Work task =>
Every line below is to be copied exactly, with the pictures left out.

Top of Task data

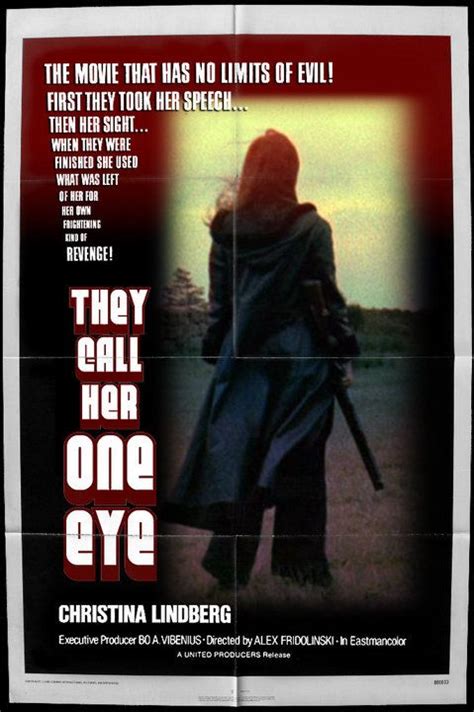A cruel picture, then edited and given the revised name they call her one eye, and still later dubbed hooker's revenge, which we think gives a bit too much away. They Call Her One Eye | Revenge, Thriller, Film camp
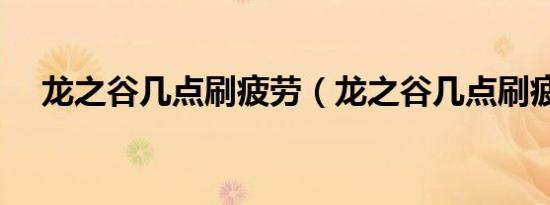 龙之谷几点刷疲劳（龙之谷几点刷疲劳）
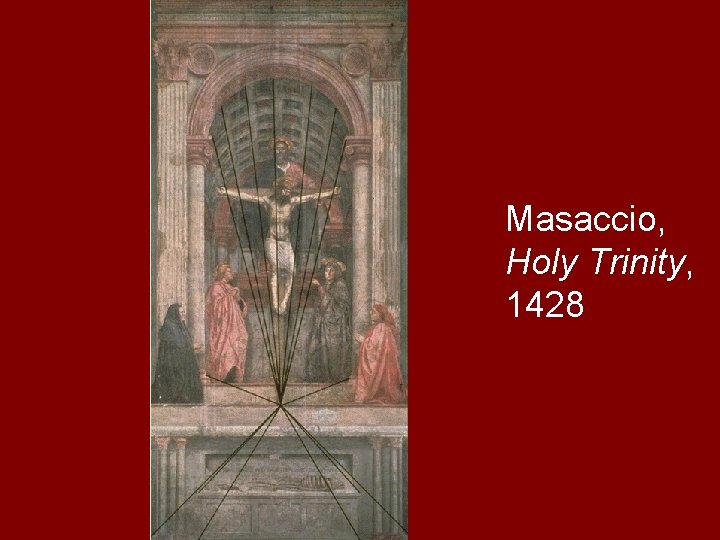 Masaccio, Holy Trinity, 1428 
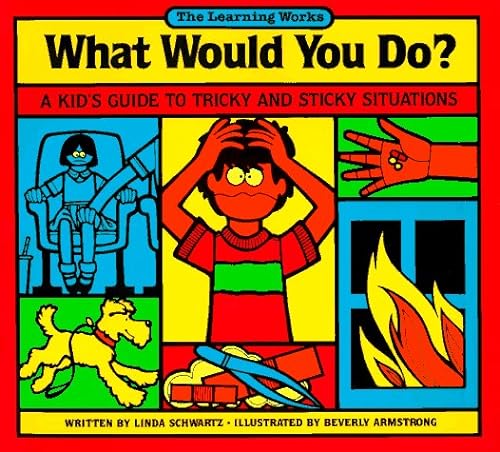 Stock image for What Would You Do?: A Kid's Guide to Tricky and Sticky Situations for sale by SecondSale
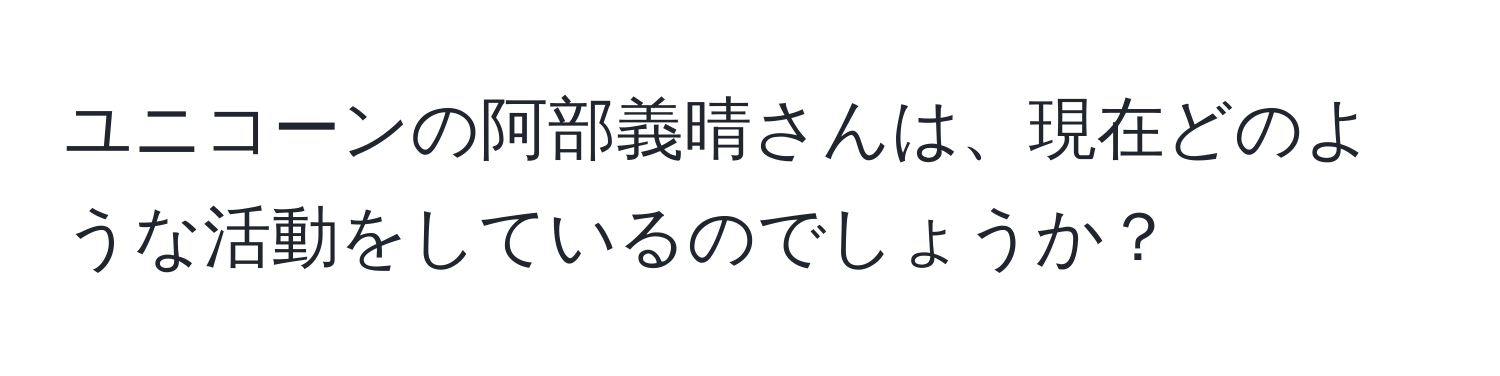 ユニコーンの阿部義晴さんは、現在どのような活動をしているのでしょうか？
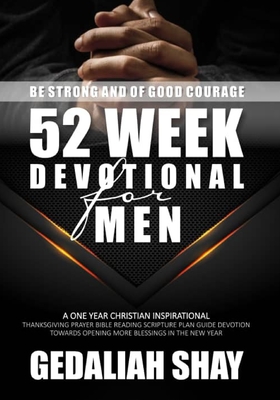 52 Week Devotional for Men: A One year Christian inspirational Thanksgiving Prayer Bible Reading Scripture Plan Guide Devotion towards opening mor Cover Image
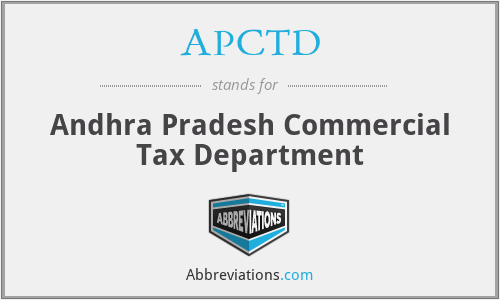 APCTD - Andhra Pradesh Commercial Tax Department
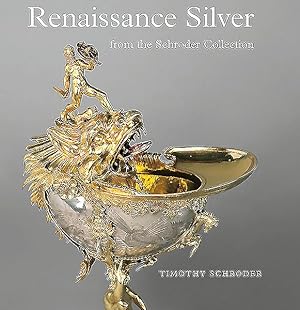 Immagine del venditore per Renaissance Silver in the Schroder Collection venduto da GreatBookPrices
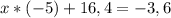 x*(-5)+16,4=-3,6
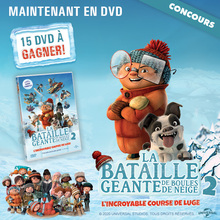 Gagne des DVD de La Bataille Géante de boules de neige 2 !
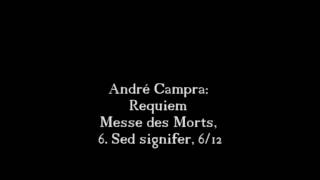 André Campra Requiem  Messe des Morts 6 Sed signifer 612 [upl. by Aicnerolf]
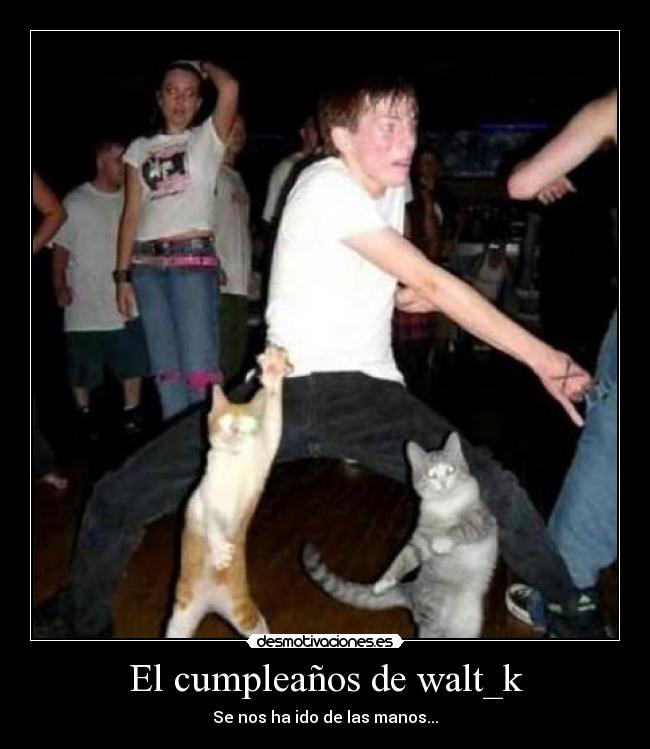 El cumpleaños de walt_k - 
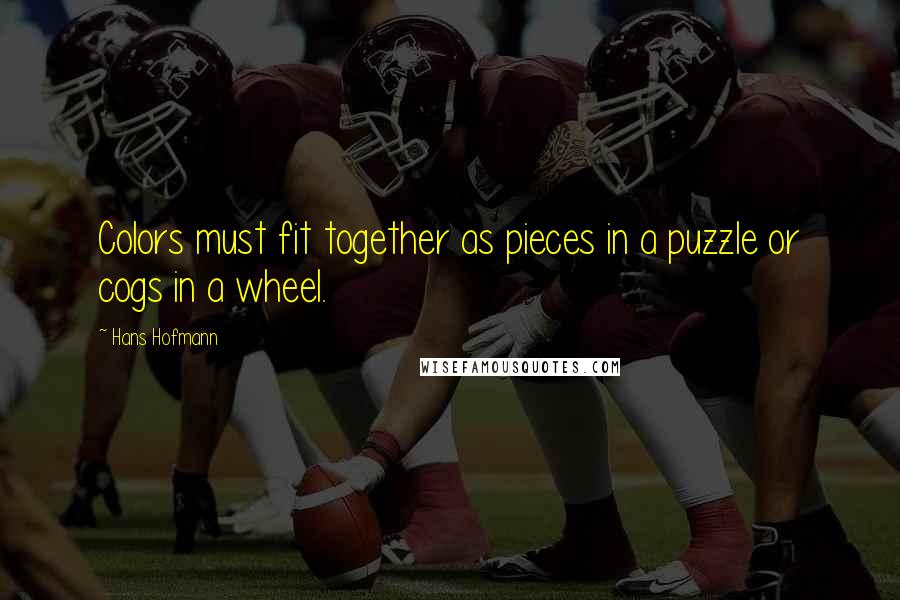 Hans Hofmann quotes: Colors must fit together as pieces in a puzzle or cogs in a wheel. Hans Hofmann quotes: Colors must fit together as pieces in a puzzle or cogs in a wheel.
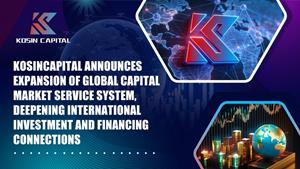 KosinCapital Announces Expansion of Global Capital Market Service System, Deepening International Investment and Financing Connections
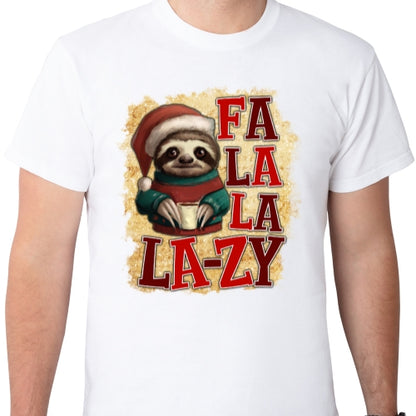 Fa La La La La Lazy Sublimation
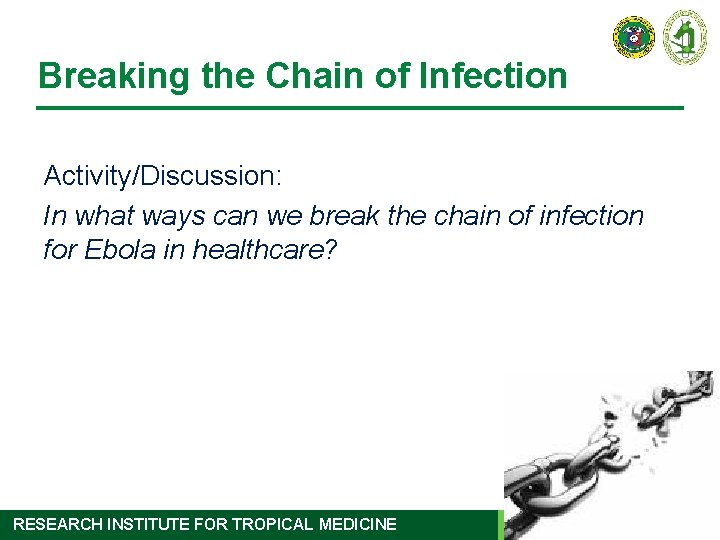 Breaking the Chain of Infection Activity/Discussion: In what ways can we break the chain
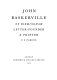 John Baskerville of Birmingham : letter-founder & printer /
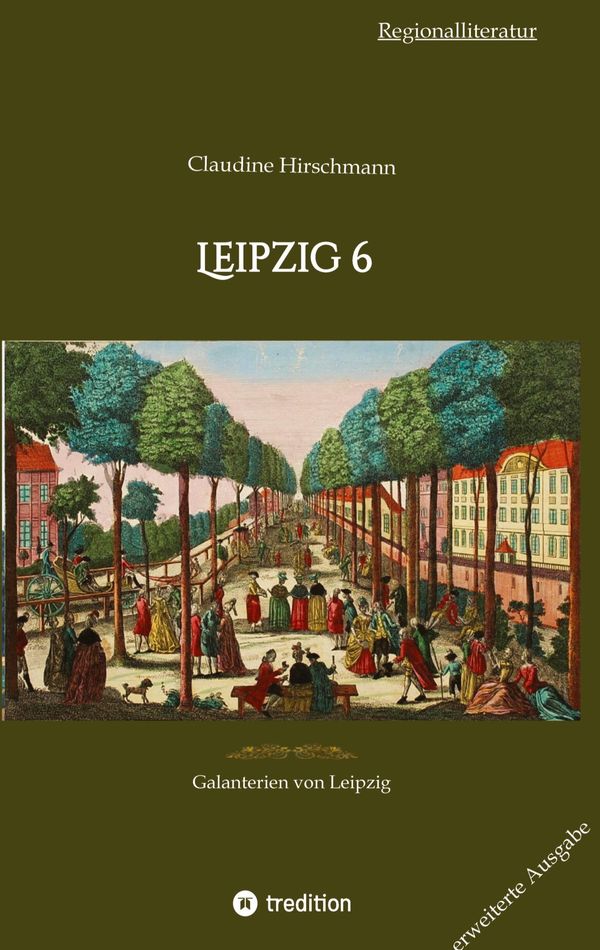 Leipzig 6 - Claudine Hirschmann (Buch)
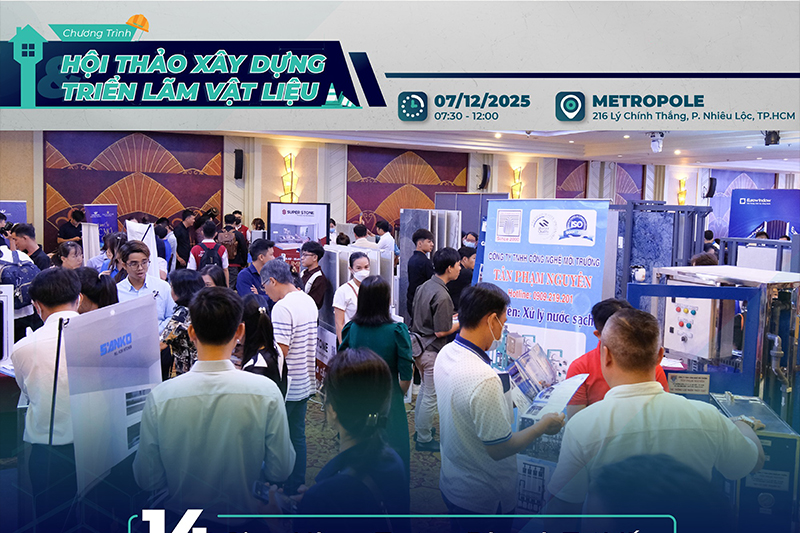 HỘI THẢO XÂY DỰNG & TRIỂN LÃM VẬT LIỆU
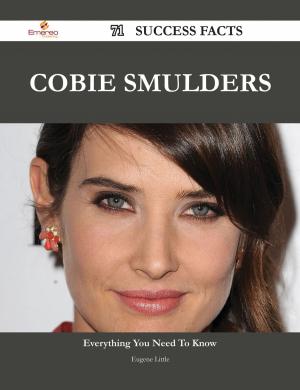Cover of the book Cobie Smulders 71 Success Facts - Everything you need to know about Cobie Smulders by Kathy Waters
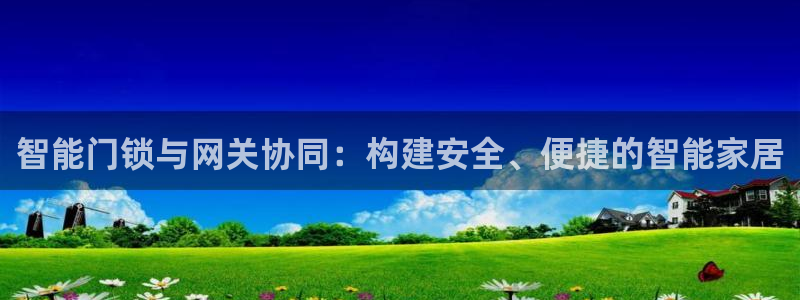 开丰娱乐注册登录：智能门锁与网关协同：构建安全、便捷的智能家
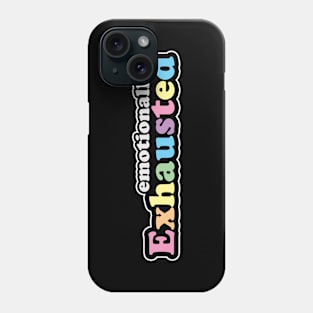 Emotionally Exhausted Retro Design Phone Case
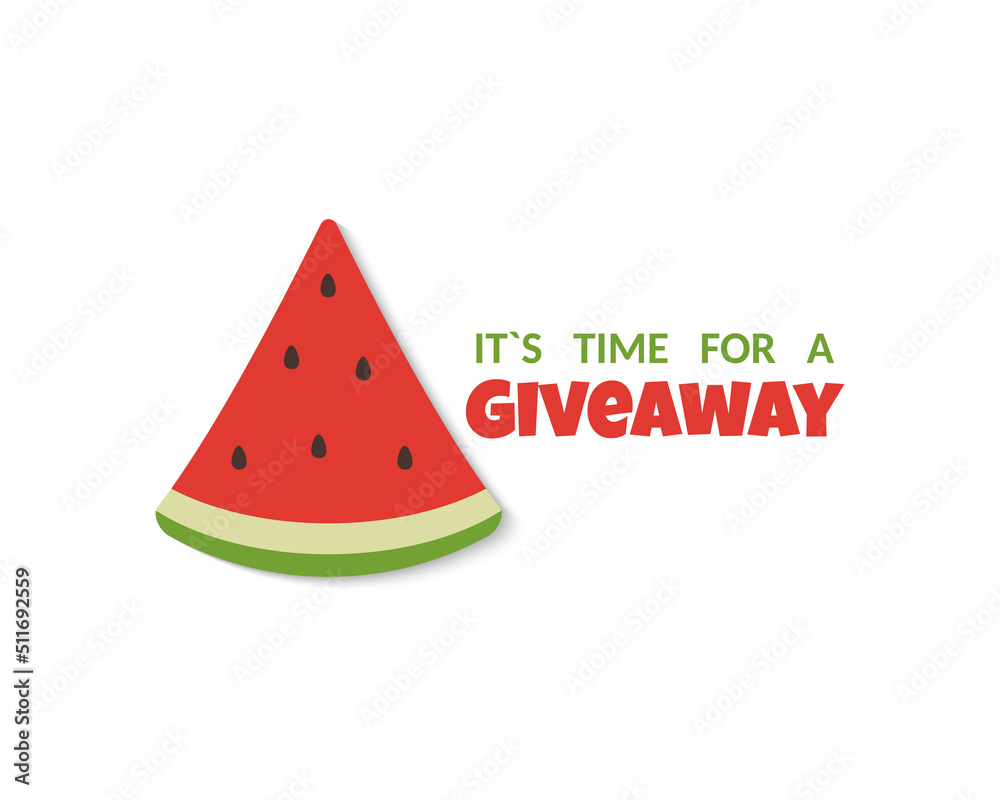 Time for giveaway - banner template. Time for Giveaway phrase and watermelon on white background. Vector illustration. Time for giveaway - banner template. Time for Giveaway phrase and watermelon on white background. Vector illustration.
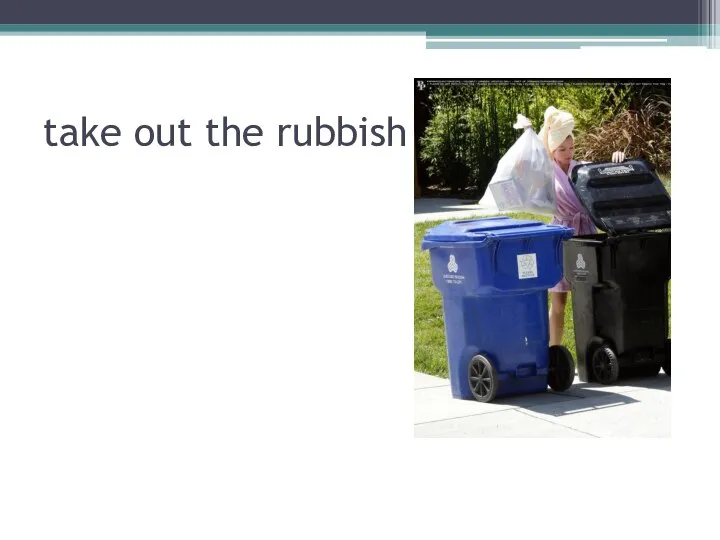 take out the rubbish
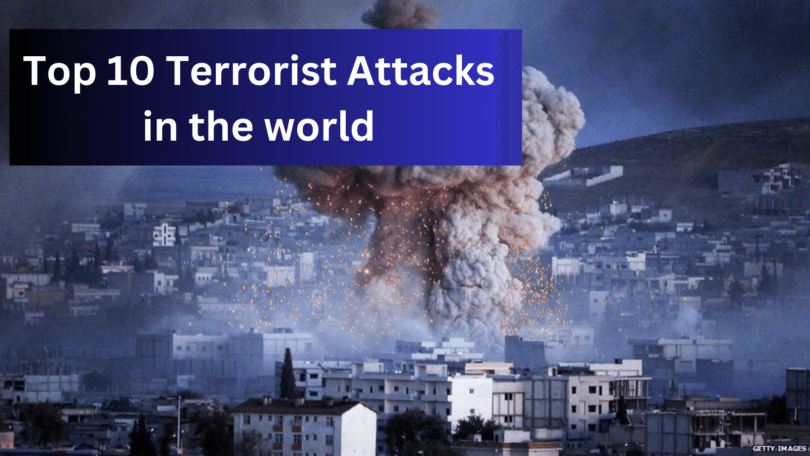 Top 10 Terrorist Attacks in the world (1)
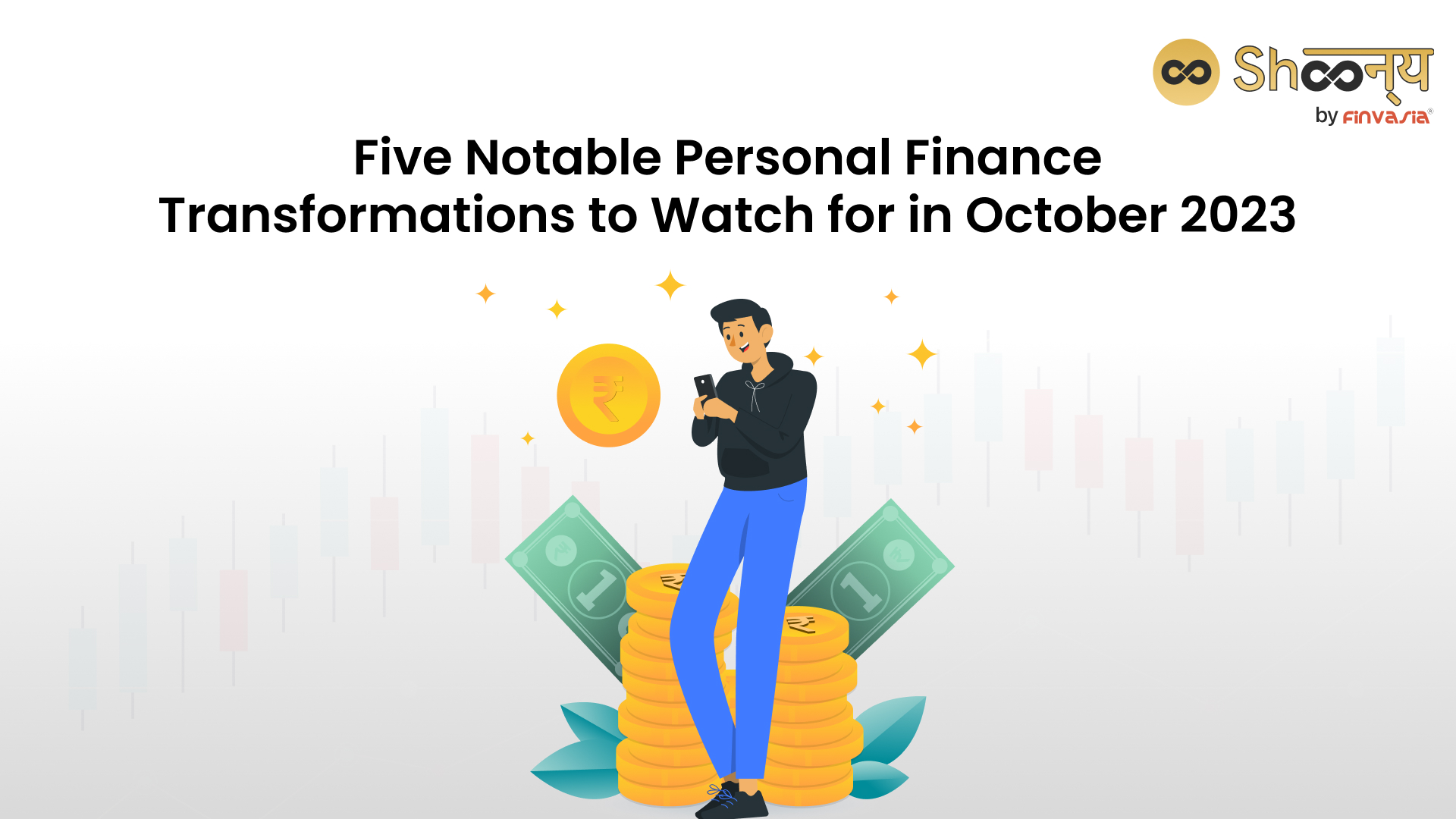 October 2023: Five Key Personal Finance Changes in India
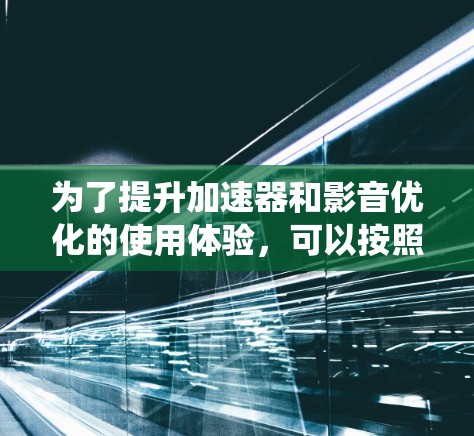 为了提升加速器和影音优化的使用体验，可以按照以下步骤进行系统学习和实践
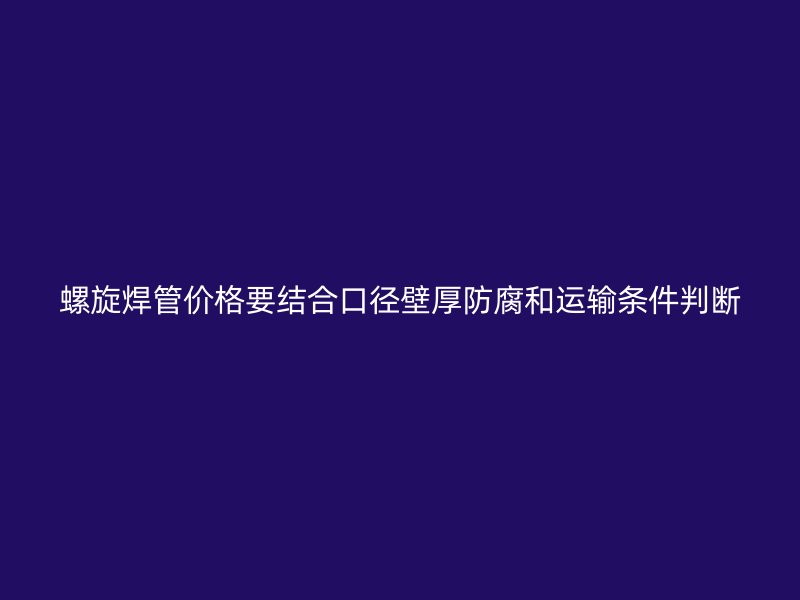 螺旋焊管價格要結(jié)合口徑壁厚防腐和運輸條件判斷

Bottom of Task data

Output =>
A cruel picture, then edited and given the revised name they call her one eye, and still later dubbed hooker's revenge, which we think gives a bit too much away. They Call Her One Eye | Revenge, Thriller, Film camp
 龙之谷几点刷疲劳（龙之谷几点刷疲劳）
 Masaccio, Holy Trinity, 1428 
 Stock image for What Would You Do?: A Kid's Guide to Tricky and Sticky Situations for sale by SecondSale
 ユニコーンの阿部義晴さんは、現在どのような活動をしているのでしょうか？
 52 Week Devotional for Men: A One year Christian inspirational Thanksgiving Prayer Bible Reading Scripture Plan Guide Devotion towards opening mor Cover Image
 APCTD - Andhra Pradesh Commercial Tax Department
 Immagine del venditore per Renaissance Silver in the Schroder Collection venduto da GreatBookPrices
 x*(-5)+16,4=-3,6
 Gagne des DVD de La Bataille Géante de boules de neige 2 !
 André Campra Requiem  Messe des Morts 6 Sed signifer 612 [upl. by Aicnerolf]
 El cumpleaños de walt_k - 
 Hans Hofmann quotes: Colors must fit together as pieces in a puzzle or cogs in a wheel. Hans Hofmann quotes: Colors must fit together as pieces in a puzzle or cogs in a wheel.
 KosinCapital Announces Expansion of Global Capital Market Service System, Deepening International Investment and Financing Connections
 Fa La La La La Lazy Sublimation
 Breaking the Chain of Infection Activity/Discussion: In what ways can we break the chain
 John Baskerville of Birmingham : letter-founder & printer /
 Leipzig 6 - Claudine Hirschmann (Buch)
 HỘI THẢO XÂY DỰNG & TRIỂN LÃM VẬT LIỆU
Cover of the book Cobie Smulders 71 Success Facts - Everything you need to know about Cobie Smulders by Kathy Waters
 开丰娱乐注册登录：智能门锁与网关协同：构建安全、便捷的智能家
 Emotionally Exhausted Retro Design Phone Case
 Time for giveaway - banner template. Time for Giveaway phrase and watermelon on white background. Vector illustration. Time for giveaway - banner template. Time for Giveaway phrase and watermelon on white background. Vector illustration.
 take out the rubbish
 Top 10 Terrorist Attacks in the world (1)
 October 2023: Five Key Personal Finance Changes in India
 为了提升加速器和影音优化的使用体验，可以按照以下步骤进行系统学习和实践
 螺旋焊管價格要結(jié)合口徑壁厚防腐和運輸條件判斷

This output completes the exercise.